Central African Republic
Expected Council Action
In October, Under-Secretary-General for Peacekeeping Operations Jean-Pierre Lacroix will brief the Council on the latest UN Multidimensional Integrated Stabilization Mission in the Central African Republic (MINUSCA) report.
The mandate of MINUSCA expires on 15 November 2017.
Key Recent Developments
The security situation in the Central African Republic (CAR) has worsened as clashes continue among the Muslim-dominated ex-Séléka factions. Since November 2016, two factions in particular, the Union for Peace in the CAR (UPC) and the Popular Front for the Renaissance in the CAR (FPRC), have been involved in heavy fighting amidst attempts to reunite the ex-Séléka. In addition, there has been continued fighting between ex-Séléka factions and Christian-dominated anti-Balaka armed groups, and anti-Balaka attacks against civilians and MINUSCA.

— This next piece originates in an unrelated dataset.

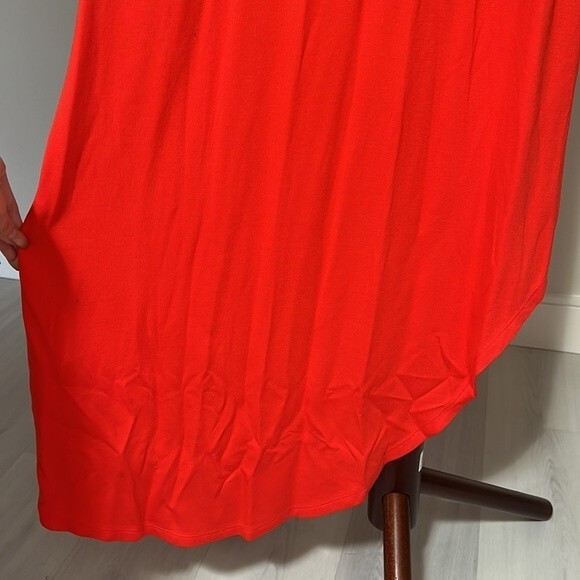 🚫SOLD🚫Michael Kors Modal Knit Asymmetric Hem Tank Dress Tomato Red - Picture 6 of 7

The deterioration in security has resulted in an increase in civilian casualties and violations of international humanitarian law and human rights, increasingly along sectarian lines. On 22 August, Under-Secretary-General for Humanitarian Affairs Stephen O’Brien briefed Council members under “any other business” on his recent visit to the CAR, lamenting that he has witnessed “early signs of genocide” in the country.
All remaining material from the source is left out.